In 1772, the road over the bridge was incorporated into a turnpike, with tolls used to fund maintenance and improvement of the route. Further repairs were undertaken in 1781 under the direction of John Wing, reflecting the continued importance of the structure.

=== 19th Century Alterations ===
Significant changes to the bridge were made in the 19th century. In 1818, the structure was widened using timber construction to accommodate increased traffic. This temporary solution was later replaced in 1874 with brick, giving the bridge much of its present appearance.

The bridge has remained in continuous use since its construction.

== Description ==
Great Barford Bridge is a multi-arched stone bridge consisting of seventeen arches of varying sizes, reflecting its phased construction over time. The structure extends to approximately 140 metres in length and around 5 metres in width, forming a long, low crossing over the River Great Ouse and its surrounding floodplain.

The bridge is constructed primarily of limestone and sandstone, with later alterations incorporating brick, particularly as part of the 19th-century widening. The arches are irregular in form, with a mixture of pointed and segmental profiles, indicating multiple phases of development.

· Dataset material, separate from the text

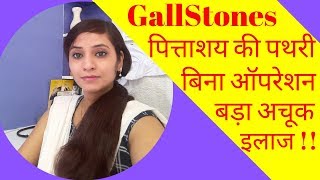 Gallstones symptoms amp homeopathic treatment  gallbladder stones symptoms amp homeopathic medicine [upl. by Annoyk470]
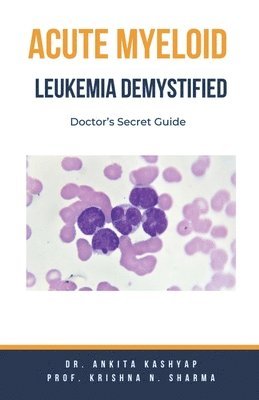 bokomslag Acute Myeloid Leukemia Demystified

Architectural features include triangular cutwaters projecting from the piers, designed to reduce water resistance and improve structural stability. The bridge also retains stone parapets and sections of dentilled corbelling, contributing to its historic character.

The overall form of the bridge reflects its evolution from a medieval structure into a widened crossing adapted for later traffic, combining original stonework with subsequent brick additions.

The bridge is designated as a Grade I listed structure and a Scheduled Ancient Monument, reflecting its exceptional historical and architectural significance.